3. Though several questions are framed two principle issues debated before us, pertaining to all these questions, were with respect to the Tribunal's decision to restrict the additions confirmed by CIT(Appeals) on the premise that the assessee was a mere job-worker and did not process any grey fabric of its own. Second aspect is with respect to the Tribunal's opinion that some of the additions can be telescoped into a larger addition on the basis of gross-profit ratio.

4. The additions made by the Assessing Officer were substantially reduced by CIT(Appeals) to a sum of Rs.1.97 crores ( rounded off). Such order of CIT(Appeals) was carried further in appeal both by the Revenue as well as the assessee. The Tribunal disposed of both the appeals by a common impugned order, partly allowing the assessee's appeal and dismissing the Revenue's.

5. The Tribunal formed an opinion that the assessee was mere job-worker and that the additions made on the basis of the assessee, independently processing the grey fabric, were not justified. The Tribunal, therefore, to estimate the possible profit on clandestine work carried on by the assessee as a job-worker, calculated profit at the rate of Rs.7/- per meter and worked out the addition to Rs.77.20 lakhs ( rounded off). Out of the said sum, since the assessee had already disclosed Rs.50 lakhs and offered it to tax, the Tribunal, in essence, sustained addition of Rs.27.20 lakhs (rounded off).

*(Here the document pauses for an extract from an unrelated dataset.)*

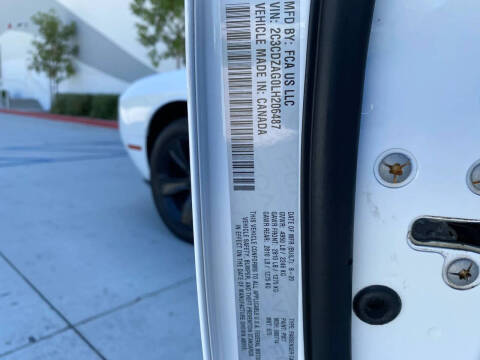 2020 Dodge Challenger SXT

6. Counsel for the Revenue drew our attention to the statement of the Director of the assessee company recorded by the Revenue authorities during the search to contend that the assessee was involved not only in processing the grey fabric as a job-worker but also independently in the said statement, the Director had admitted that some 98,413.20 meters of grey cloth was purchased from the unaccounted income. He, however, in the same breath also offered a sum of Rs.14.76 lakhs (rounded off to Rs.15 lakhs ), which was the purchase price of such cloth to tax.

7. We find that the Tribunal has recorded the following findings in coming to the above conclusions:-

"7.1 The basis of addition itself is based on the show-cause notice issued by the Central Excise & Customs Department and the allegation in the show cause notice being that the grey fabrics were received by the assessee from merchant manufacturers, in absence of any other evidence it cannot be said that the assessee was processing the goods on own account by purchasing the same from undisclosed sources. We, therefore, hold that as per the finding of Central Excise Department, the assessee can be said to be engaging itself only in Job-work of processing goods but not for purchasing grey fabrics and then processing it for sale on own account."

8. We find that the Tribunal having estimated the profit on the basis of job-work and having sustained part of the additions on the basis of the evidence on record, the whole issue in realm is of appreciation of evidence. No question of law, therefore, arises. It may be that as pointed out by the learned counsel for the Revenue, the Director himself had made certain statements to suggest that part of cloth was purchased by the assessee itself. However, purchase price thereof was also offered to tax.

9. Additionally, we also notice that the Tribunal has no reason to demonstrate that the principle of telescoping would apply.

10. In the result, no question of law arises, Tax Appeals are, therefore, dismissed.